■ THE PROBLEM: Your answer should be every line below that includes the word "with".

■ SUPPLIED DATA:
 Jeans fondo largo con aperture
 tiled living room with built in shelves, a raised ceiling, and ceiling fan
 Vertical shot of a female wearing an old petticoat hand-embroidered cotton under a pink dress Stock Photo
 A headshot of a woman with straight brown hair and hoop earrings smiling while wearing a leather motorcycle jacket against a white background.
* * *
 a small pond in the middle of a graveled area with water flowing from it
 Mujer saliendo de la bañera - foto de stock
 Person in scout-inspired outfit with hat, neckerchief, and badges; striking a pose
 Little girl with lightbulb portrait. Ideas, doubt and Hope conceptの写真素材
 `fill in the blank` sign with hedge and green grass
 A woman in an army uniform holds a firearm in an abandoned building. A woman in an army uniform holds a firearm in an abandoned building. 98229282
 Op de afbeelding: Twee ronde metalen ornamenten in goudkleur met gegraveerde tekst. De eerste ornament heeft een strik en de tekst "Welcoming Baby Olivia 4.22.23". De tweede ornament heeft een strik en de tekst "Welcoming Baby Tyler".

■ OUTPUT FOR THIS TASK:
 tiled living room with built in shelves, a raised ceiling, and ceiling fan
 A headshot of a woman with straight brown hair and hoop earrings smiling while wearing a leather motorcycle jacket against a white background.
 a small pond in the middle of a graveled area with water flowing from it
 Person in scout-inspired outfit with hat, neckerchief, and badges; striking a pose
 Little girl with lightbulb portrait. Ideas, doubt and Hope conceptの写真素材
 `fill in the blank` sign with hedge and green grass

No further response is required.